Sur le but d’Abby Roque, dimanche, Catherine Dubois n’a peut-être pas récolté de point, mais elle était placée directement devant la gardienne adverse. Un jeu qui n’est pas passé inaperçu et que ses coéquipières et entraîneuses n’ont pas manqué de souligner.
Mon jeu est simple. Il ne faut pas que j’essaie d’en faire trop. Avec mon gabarit, je peux leur créer de l’espace, foncer au filet et cacher la gardienne, gagner toutes mes batailles pour la redonner à Abby (Roque) qui a pleins d’habiletés et à Laura (Stacey) pour faire des buts.
Ce n’est pas facile quand tu joues comme 13e attaquante et tout à coup, tu joues de grosses minutes. Elle est restée fidèle à son style de jeu. Elle apporte beaucoup de valeur à notre trio, a affirmé Laura Stacey.
Leçons à tirer
Lors du dernier match, Montréal semblait filer vers une victoire facile avec une avance une avance de 3-0 en début de troisième période.

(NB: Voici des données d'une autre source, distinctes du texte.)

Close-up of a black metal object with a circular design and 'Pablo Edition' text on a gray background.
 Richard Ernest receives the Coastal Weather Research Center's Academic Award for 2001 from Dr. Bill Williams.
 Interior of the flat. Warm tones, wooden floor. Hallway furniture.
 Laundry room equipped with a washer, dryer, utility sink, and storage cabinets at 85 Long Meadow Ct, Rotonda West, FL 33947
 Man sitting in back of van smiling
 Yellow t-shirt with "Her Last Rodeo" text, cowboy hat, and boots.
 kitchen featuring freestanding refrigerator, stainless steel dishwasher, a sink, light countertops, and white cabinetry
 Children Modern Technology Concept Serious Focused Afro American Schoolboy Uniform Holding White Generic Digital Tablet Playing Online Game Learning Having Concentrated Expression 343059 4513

Boston est finalement revenu dans le match, pour l’emporter 4-3 en prolongation.
Bien que l’équipe aurait aimé obtenir un résultat différent, elle voit cette défaite comme une occasion d’apprentissage en prévision de la fin de saison et surtout, des séries éliminatoires.
Il faut travailler notre cinq contre six et c’est ce que nous avons fait. En même temps, c’est une saison de plus de 30 matchs, c’est la meilleure équipe et nous nous battons pour le premier rang. Nous savions que ça n’allait pas être facile. Il faut apprendre de cette défaite, mais il faut tourner la page. Nous avons fait de bonnes choses et nous avons quand même marqué trois buts contre Aerin Frankell, a souligné Stacey.
Après avoir affronté la meilleure équipe dimanche, la Victoire recevra le pire club, jeudi, à la Place Bell. Erin Ambrose, qui n’a pas joué depuis la finale olympiques, a patiné tous les jours cette semaine, mais l’entraîneuse-chef n’a pas voulu confirmer si elle était prête à effectuer un retour au jeu.
Déjà dernier au classement, le Torrent de Seattle doit maintenant se passer des services d’Hilary Knight, Hannah Bilka et Cayla Barnes. Mais peu importe l’adversaire, pas question pour Montréal de changer son approche.
Nous avons un but en tête et pour l’atteindre, il faut attaquer tous les matchs avec la même intensité, a lancé Stacey.